Stir in brown sugar until mixed well.
Remove from heat and top with pineapple slices.
Strategically place cherries on top to decorate.
Set aside, then mix the cake
In a mixing bowl, cream remaining butter and white sugar together.
Add egg and cream until light and fluffy.
Stir in vanilla.
Sift
together flour, baking powder, and salt.
Add flour and milk to batter
and beat on medium speed of mixer for 1 minute.
Pour batter over mixture
in skillet and bake in a preheated oven 350 F. until light brown and
done in center when probed with a knife.
Remove from oven, let set 5 minutes.
Loosen around edges, invert pan and let cake slide out.
Serve
topped with whipped cream if preferred.
It is very pretty decorated
with additional whole, halved, or chopped maraschino cherries.
I like to sprinkle the whipped cream with a few chopped cherries and a tiny amount of maraschino cherry juice.
This classic cake is awesome served with a scoop of ice cream.
Melt butter in bottom of 9" round or 9" square baking pan. (I use a 9 1/2" spring form Pan).
Sprinkle on brown sugar.
Arrange pineapple slices over brown sugar.
Place one cherry in center of each pineapple slice.
Set aside. Prepare batter.
Cream butter on high speed.
Gradually, add sugar and continue creaming until light and fluffy.
Add eggs beating well after each addition.
Stir in vanilla.
Sift together cake flour, baking powder and salt.
By hand fold into batter alternately with pineapple juice until all is incorporated.
Beat batter on medium speed for 30 seconds.
Scrape down sides and beat another 30 seconds.
Pour batter over pineapple in pan and
spread evenly.
Bake in preheated oven 350F. 50-55 minutes or until cake
test done in center with a toothpick.
Remove from oven and let sit 10 minutes in pan.
Invert and turn cake out upside down onto cake plate.
This cake is excellent served warm or cold with vanilla ice cream.
If
baking in a spring form cake pan, check it for leakage before using.
Lock
the bottom of pan in and fill it with water.
If it leaks, line the
bottom and sides with parchment paper before melting the butter.
You
will probably have rough edges around the finished cake if you line it
with the paper.
Spread sides with whipped cream to hide the rough edges, if you prefer.

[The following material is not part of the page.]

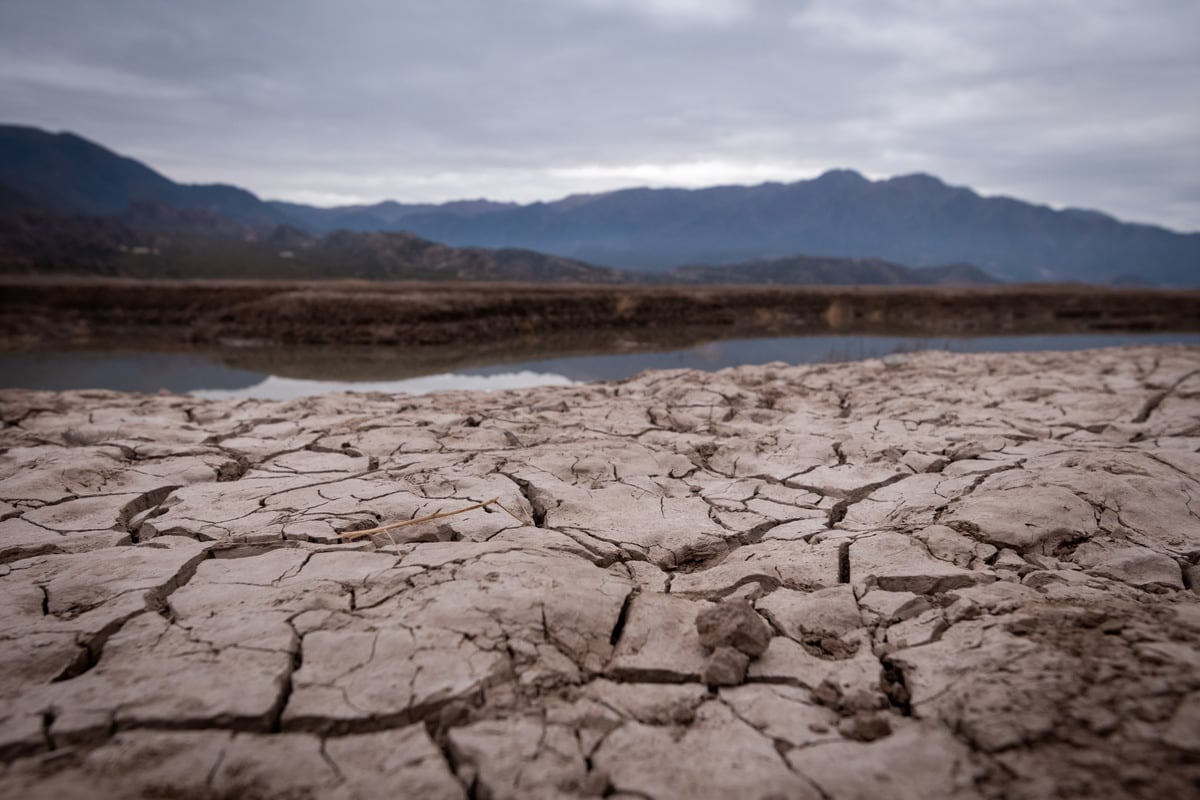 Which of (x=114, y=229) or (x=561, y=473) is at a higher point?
(x=114, y=229)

A visitor to this website informed me she used the No. 2 recipe above, to make individual Pineapple Upside Cake in jumbo muffin tins and served them at a function at the White House.
I have no further information on how many mini cakes she made nor if she decorated the sides with whipped cream for a lovely presentation.

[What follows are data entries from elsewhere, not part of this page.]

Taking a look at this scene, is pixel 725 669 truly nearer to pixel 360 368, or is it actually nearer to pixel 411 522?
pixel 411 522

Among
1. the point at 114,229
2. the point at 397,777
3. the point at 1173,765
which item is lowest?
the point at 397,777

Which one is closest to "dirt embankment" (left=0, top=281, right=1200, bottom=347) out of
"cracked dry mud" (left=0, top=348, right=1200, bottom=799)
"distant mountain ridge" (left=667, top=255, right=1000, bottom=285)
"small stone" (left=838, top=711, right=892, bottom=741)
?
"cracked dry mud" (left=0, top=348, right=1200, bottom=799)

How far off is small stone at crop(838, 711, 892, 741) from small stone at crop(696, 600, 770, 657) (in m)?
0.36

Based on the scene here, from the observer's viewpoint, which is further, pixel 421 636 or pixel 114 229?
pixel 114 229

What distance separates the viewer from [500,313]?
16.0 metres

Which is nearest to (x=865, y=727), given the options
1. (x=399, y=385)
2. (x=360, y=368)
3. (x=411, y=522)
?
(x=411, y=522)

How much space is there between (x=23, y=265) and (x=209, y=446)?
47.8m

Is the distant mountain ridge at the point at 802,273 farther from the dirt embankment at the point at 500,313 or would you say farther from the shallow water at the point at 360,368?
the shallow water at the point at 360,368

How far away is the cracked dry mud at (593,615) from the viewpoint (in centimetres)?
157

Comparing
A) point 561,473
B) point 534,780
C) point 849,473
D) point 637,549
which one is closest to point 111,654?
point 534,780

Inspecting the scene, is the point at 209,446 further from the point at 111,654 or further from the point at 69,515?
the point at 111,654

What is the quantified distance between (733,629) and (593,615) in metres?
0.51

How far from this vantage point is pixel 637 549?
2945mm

She said they were perfect and the recipients loved them.
The Pineapple Upside Cake has been around since the 1920s.
However, there are no records on the exact date or who invented it.
In 1925, Dole's Hawaiian Pineapple Company ran a recipe contest in several ladies magazines requesting a created, original Pineapple Upside Cake Recipe.

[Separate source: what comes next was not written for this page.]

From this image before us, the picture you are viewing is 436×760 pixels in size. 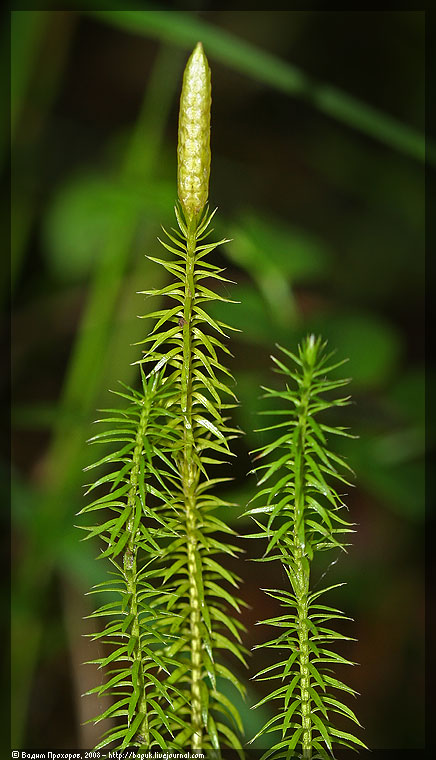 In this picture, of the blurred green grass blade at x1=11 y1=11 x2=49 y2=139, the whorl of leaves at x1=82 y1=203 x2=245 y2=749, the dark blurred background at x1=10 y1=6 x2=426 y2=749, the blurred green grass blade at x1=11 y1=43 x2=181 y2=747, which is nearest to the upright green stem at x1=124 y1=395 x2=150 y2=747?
the whorl of leaves at x1=82 y1=203 x2=245 y2=749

According to legend, there were 2,500 recipes submitted.
Upside down cakes were popular in those days.
Most of those recipes were made with Pineapple.
However, there were recipes for other fruit upside down cakes, including , banana, orange, peach, and even Chocolate Upside Down Cake in my 1942 Burnt Toast Cook Book.
Some cook books called for nuts to be added to the topping.
Upside Down Cakes were popular back in those days and most were instructing the cook to cook it an iron skillet on top of the stove.
The Upside Down Pineapple Cake was called by other names, too.
That included skillet cakes because most recipes called for cooking in an iron skillet on top of the stove.
Back in those days there were few stoves with an oven.
I remember Mama cooking her cakes in an iron skillet on top of the stove up until she got her first stove with an oven from Sears and Roebuck Company in 1945.
Incidentally, according to my research, Sears and Roebuck published a Pineapple Upside Down cake in it's catalog in 1936.
The Pineapple Upside Down Cake has stood the test of time for good reasons... it is downright delicious, attractive, quick plus easy to make with it's own topping.